January 18, 2008 · Leave a Comment

Evolutionary psychologist Steven Pinker says, shockingly, evolution.

Pinker is the Harvard prof I mentioned in an earlier post about swearing, and whose new book, The Stuff of Thought: Language as a Window Into Human Nature, I’ve just started.

Pinker’s latest article for the New York Times Magazine titled The Moral Instinct engagingly and elegantly tackles an oft-asked R&S favorite, Where do atheists get their morals? Pinker draws us into the article with this question:

Which of the following people would you say is the most admirable: Mother Teresa, Bill Gates or Norman Borlaug?

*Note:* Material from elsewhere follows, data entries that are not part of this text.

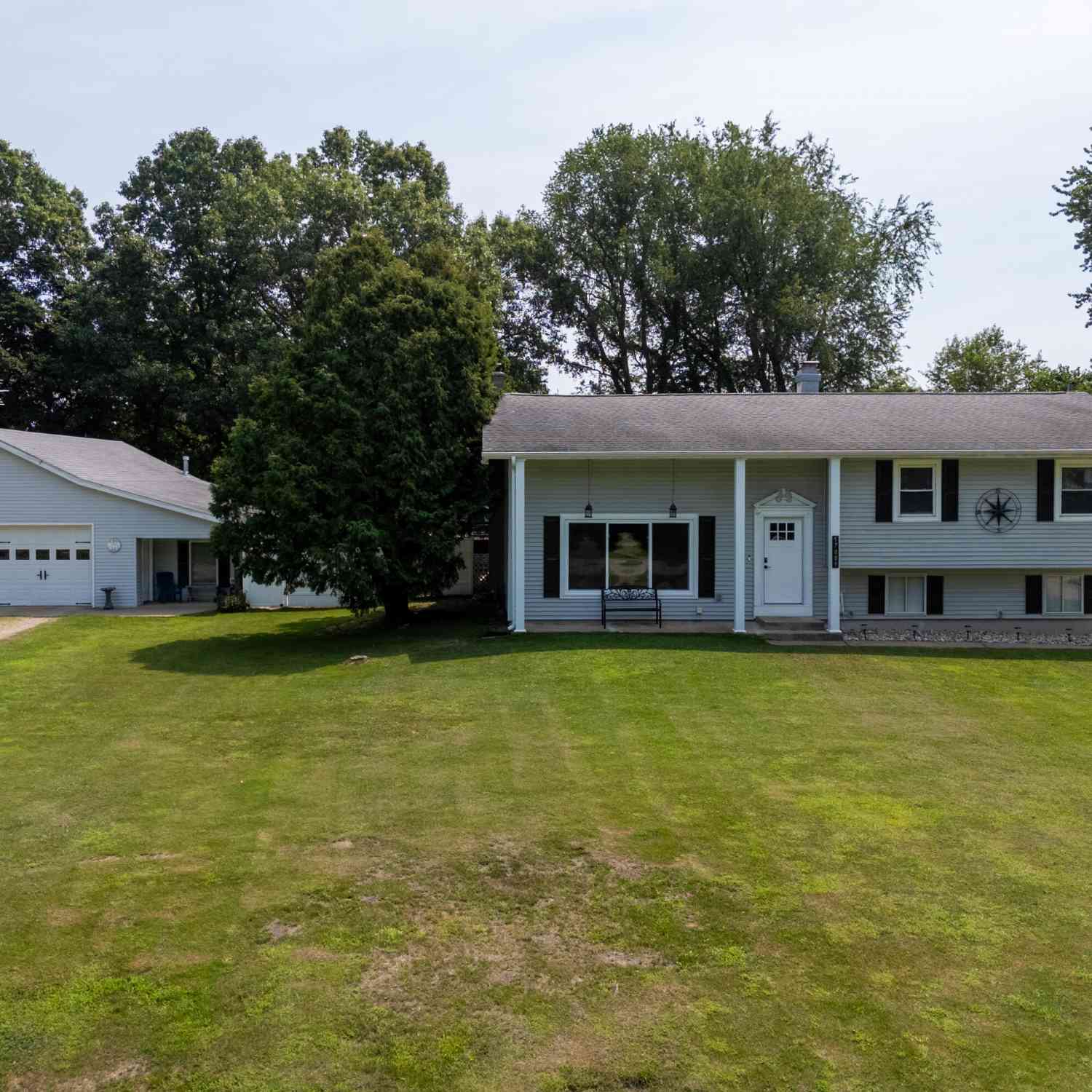 Homes For Sale - 57089 Linda Avenue<br/> Saint Joseph County, Three Rivers, MI 49093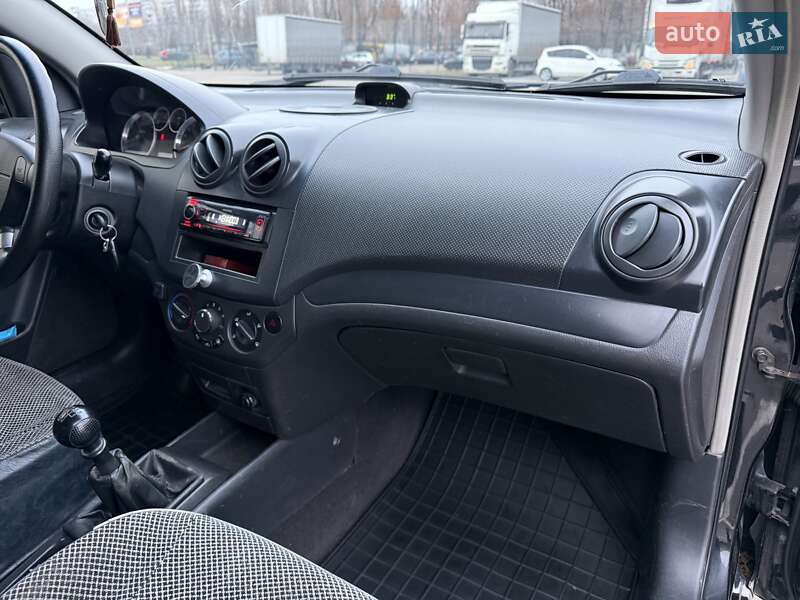 Седан Chevrolet Aveo 2007 в Киеве фото 23 Седан Chevrolet Aveo 2007 в Киеве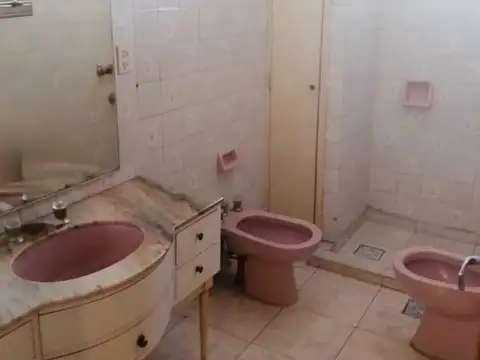 Depto Tipo Casa 4 ambientes con 3 baños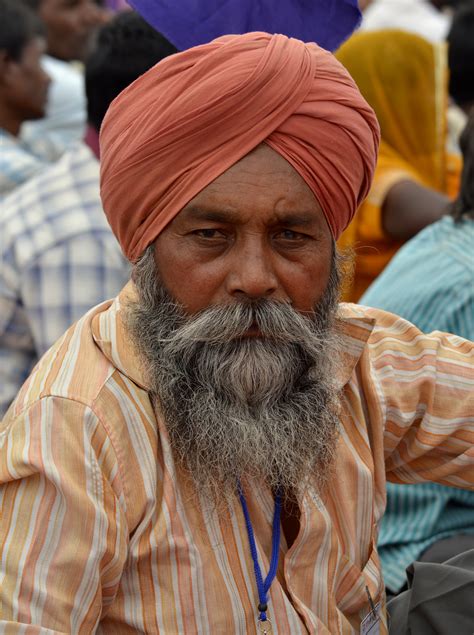 File:Sikh man, Agra 06.jpg - Wikimedia Commons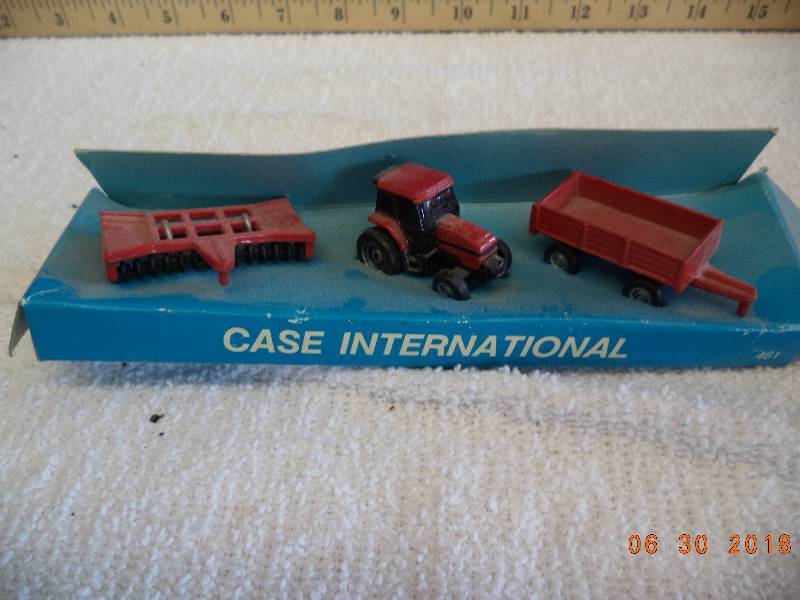 lot 1549 image: Case International Tractor Set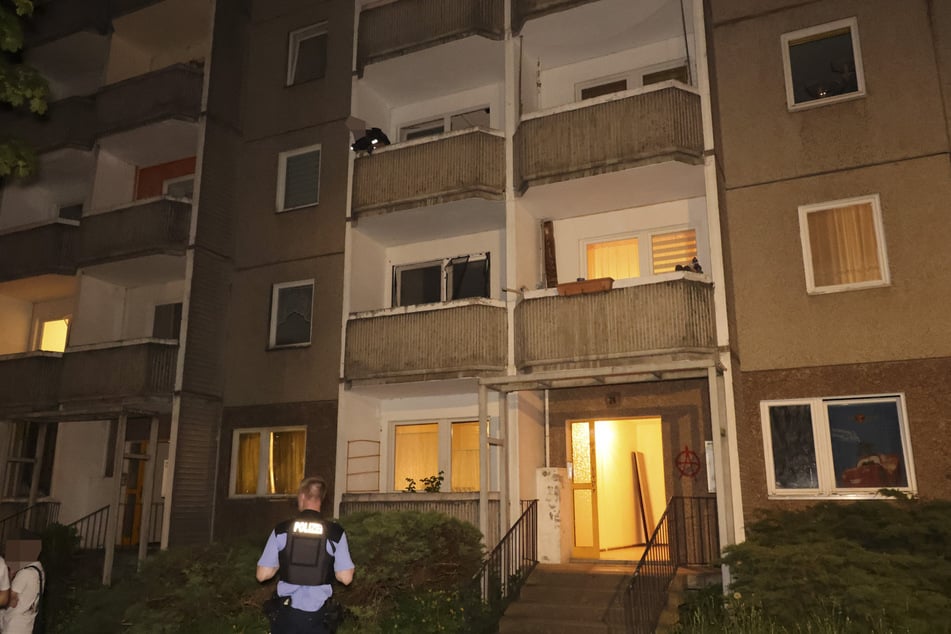 Die Polizei fand am späten Montagabend in diesem Mehrfamilienhaus in Chemnitz einen Toten.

….[A] deeper look might lead you to rethink your answers. Borlaug, father of the “Green Revolution” that used agricultural science to reduce world hunger, has been credited with saving a billion lives, more than anyone else in history. Gates, in deciding what to do with his fortune, crunched the numbers and determined that he could alleviate the most misery by fighting everyday scourges in the developing world like malaria, diarrhea and parasites. Mother Teresa, for her part, extolled the virtue of suffering and ran her well-financed missions accordingly: their sick patrons were offered plenty of prayer but harsh conditions, few analgesics and dangerously primitive medical care.